All lines with the word "Crop" must be pulled from the entries below.

[[ DATA FOR REVIEW, beginning ]]

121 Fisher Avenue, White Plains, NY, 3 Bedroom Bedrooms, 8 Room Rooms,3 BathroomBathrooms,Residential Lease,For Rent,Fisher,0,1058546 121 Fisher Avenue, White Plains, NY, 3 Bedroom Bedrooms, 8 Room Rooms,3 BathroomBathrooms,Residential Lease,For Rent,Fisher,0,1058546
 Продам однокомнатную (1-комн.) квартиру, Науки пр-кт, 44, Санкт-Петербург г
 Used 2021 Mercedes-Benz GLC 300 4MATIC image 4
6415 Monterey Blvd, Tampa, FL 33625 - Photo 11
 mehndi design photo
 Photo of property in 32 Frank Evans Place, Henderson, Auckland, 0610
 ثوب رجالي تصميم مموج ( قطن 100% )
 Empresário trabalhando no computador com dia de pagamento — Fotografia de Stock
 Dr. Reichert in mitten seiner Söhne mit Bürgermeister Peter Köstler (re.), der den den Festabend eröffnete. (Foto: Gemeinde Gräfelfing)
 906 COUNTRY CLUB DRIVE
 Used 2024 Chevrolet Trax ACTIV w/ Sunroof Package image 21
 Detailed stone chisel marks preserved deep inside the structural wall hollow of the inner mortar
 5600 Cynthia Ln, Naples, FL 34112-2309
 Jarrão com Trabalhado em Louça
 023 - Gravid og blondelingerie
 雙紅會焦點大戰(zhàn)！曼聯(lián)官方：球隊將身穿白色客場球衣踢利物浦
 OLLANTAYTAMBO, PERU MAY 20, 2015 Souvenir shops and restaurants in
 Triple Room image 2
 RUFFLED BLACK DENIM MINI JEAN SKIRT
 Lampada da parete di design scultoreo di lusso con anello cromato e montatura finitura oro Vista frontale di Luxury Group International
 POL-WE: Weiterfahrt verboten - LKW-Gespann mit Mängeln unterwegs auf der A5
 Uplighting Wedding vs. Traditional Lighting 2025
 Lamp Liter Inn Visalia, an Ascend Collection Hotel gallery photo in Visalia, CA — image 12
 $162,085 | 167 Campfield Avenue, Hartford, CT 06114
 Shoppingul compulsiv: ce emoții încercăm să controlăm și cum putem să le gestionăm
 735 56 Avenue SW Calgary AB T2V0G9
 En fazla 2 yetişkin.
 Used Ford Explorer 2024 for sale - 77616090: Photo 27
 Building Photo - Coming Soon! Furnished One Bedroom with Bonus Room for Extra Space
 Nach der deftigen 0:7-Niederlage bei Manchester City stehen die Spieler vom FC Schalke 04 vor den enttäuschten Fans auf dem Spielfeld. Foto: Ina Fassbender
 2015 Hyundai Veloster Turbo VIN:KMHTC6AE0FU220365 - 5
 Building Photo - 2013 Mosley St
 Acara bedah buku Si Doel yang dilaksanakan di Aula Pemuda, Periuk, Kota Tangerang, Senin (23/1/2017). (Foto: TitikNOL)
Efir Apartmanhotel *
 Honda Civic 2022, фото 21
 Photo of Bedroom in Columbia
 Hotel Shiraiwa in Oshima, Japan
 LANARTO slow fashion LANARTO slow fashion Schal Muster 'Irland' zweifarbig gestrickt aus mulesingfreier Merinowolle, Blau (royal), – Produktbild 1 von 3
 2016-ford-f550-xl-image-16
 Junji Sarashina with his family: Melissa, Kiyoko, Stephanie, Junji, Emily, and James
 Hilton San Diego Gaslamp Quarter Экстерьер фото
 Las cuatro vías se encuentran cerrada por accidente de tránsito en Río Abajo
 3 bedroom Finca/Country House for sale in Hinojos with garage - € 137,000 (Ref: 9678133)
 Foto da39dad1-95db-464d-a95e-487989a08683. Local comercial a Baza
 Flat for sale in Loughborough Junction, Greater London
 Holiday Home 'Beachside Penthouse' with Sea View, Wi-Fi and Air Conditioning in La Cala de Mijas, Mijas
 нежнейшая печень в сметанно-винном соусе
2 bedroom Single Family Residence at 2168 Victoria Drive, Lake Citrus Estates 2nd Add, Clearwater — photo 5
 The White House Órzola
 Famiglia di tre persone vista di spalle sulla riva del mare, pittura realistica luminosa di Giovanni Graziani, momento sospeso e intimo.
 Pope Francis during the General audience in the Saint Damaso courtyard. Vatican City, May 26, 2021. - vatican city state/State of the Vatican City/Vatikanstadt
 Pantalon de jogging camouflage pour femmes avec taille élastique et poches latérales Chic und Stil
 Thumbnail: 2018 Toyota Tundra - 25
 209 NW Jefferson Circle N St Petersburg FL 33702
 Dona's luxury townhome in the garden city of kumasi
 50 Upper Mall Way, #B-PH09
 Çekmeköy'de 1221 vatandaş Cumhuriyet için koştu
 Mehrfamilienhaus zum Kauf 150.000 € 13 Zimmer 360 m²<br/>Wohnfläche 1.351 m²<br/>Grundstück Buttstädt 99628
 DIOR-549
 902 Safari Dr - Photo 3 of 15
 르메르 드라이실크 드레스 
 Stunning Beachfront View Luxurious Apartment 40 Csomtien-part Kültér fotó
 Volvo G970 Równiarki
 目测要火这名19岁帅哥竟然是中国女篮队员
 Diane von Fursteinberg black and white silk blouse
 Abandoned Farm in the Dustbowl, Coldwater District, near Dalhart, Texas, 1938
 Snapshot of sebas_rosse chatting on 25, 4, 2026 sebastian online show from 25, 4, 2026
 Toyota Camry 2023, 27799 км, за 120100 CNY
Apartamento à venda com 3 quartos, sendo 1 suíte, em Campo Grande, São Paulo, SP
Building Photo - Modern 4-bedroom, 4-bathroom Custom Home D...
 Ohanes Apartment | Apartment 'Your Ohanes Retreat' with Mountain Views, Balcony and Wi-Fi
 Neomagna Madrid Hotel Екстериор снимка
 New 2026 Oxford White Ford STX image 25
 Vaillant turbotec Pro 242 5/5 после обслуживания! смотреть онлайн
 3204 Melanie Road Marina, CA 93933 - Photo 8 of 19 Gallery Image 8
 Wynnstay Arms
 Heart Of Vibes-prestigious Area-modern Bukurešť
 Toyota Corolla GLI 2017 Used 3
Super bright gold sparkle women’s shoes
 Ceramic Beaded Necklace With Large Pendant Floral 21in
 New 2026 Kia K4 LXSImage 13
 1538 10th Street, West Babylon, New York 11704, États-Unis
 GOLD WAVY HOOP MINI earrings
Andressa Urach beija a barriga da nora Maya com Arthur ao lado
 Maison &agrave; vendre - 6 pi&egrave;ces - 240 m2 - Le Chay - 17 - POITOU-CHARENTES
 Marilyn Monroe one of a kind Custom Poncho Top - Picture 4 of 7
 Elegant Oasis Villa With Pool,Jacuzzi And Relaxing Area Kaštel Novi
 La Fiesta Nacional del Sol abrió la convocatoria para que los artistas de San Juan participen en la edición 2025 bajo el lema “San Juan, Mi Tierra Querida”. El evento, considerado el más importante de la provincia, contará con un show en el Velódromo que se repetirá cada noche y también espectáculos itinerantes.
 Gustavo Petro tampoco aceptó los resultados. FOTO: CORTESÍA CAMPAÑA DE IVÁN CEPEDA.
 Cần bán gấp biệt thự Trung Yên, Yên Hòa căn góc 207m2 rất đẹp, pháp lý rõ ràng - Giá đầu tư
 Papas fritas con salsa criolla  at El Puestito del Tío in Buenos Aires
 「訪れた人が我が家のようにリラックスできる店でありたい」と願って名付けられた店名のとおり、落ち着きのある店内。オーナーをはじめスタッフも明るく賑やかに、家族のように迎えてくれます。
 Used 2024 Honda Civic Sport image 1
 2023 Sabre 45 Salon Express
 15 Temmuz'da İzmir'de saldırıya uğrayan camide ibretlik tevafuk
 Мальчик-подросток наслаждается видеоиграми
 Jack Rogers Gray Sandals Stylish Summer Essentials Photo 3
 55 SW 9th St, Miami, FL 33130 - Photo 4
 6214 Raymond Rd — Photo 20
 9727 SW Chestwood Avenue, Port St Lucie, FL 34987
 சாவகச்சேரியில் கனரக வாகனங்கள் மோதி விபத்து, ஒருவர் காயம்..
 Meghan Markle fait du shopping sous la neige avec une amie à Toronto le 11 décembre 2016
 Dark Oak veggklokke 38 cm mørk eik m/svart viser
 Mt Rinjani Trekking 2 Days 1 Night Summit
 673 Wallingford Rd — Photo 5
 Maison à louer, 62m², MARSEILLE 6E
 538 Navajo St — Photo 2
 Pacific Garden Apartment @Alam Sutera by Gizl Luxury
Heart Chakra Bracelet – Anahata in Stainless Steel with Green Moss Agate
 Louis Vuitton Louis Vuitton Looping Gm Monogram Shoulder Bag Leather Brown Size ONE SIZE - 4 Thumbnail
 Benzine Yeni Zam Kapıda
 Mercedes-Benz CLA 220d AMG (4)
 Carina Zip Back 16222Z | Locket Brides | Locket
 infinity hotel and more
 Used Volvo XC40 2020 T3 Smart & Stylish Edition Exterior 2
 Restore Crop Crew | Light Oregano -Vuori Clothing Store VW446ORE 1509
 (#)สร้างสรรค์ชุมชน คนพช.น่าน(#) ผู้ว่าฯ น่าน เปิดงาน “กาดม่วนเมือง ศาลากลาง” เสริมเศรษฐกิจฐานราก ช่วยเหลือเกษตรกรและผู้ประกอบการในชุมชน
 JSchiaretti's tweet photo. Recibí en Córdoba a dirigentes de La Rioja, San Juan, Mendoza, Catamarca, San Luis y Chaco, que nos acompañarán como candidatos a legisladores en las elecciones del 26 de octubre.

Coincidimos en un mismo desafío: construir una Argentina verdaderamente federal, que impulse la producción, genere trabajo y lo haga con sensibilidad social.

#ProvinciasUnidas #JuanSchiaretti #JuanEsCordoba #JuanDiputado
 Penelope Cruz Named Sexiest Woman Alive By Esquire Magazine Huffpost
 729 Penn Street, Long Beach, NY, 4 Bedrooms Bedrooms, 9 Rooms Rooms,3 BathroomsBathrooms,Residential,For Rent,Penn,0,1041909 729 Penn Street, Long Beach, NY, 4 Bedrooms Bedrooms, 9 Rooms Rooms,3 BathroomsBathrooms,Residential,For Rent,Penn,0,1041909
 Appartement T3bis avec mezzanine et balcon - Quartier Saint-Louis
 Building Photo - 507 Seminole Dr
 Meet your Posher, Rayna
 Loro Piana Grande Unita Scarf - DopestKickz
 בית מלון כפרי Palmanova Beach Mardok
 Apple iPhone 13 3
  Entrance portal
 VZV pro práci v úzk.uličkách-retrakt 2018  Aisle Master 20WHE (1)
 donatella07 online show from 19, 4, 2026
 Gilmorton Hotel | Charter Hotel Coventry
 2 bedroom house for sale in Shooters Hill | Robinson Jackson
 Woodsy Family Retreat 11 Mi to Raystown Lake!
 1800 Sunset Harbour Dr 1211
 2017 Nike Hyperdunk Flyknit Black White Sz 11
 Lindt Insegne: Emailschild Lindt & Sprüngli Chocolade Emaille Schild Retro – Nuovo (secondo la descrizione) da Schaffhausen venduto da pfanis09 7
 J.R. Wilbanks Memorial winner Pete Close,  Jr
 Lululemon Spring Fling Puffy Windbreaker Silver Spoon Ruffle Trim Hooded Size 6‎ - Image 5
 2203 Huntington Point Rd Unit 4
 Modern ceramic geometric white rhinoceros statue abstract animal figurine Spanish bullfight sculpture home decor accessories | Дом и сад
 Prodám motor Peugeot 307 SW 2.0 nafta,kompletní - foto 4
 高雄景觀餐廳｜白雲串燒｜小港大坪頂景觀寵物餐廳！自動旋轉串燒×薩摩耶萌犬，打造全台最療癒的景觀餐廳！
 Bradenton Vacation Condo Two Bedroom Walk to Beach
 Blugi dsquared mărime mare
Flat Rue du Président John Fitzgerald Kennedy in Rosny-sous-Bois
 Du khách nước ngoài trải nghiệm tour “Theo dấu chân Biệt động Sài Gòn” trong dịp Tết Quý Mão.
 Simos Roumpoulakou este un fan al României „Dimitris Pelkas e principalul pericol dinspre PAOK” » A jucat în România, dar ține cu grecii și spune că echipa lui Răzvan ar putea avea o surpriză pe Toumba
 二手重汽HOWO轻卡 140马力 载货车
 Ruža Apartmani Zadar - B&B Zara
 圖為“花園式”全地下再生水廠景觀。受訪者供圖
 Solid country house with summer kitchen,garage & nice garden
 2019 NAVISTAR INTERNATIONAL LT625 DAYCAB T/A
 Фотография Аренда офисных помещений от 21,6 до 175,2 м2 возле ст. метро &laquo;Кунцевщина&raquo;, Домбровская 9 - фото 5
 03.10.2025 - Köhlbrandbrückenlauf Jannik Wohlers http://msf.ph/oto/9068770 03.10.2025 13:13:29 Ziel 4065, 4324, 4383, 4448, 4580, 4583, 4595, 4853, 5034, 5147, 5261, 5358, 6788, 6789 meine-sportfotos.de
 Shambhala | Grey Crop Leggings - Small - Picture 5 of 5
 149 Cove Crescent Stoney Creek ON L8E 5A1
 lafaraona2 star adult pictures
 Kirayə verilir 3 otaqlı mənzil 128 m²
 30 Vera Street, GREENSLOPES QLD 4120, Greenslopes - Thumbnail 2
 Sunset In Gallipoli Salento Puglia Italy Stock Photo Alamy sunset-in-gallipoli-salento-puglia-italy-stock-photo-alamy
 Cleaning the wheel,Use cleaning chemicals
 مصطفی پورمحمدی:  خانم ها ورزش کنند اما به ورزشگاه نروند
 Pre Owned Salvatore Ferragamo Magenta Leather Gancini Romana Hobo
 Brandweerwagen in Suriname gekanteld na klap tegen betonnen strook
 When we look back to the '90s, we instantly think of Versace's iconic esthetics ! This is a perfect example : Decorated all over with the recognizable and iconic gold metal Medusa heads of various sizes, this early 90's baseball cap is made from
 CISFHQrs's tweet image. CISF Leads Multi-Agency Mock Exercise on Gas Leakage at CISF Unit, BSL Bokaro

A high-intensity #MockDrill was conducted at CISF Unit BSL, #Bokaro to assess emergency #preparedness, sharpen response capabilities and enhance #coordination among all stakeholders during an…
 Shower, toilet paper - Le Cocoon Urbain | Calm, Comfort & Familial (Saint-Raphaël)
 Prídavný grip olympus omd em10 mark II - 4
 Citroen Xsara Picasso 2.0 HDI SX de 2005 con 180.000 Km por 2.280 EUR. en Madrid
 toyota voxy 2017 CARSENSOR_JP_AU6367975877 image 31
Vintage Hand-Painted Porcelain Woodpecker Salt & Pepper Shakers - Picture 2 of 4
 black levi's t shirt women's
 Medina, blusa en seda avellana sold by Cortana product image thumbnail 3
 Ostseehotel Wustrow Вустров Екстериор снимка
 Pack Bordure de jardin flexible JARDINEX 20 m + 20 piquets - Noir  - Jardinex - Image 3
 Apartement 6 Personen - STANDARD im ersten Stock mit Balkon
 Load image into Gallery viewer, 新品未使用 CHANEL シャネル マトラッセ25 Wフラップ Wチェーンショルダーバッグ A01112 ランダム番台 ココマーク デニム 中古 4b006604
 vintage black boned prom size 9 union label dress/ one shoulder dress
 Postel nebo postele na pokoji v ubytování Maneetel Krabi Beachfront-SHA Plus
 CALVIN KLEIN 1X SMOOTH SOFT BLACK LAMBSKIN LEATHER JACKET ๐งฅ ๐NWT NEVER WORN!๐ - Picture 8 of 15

[[ DATA FOR REVIEW, end ]]

OUTPUT OF THE TASK:
 Restore Crop Crew | Light Oregano -Vuori Clothing Store VW446ORE 1509
 Shambhala | Grey Crop Leggings - Small - Picture 5 of 5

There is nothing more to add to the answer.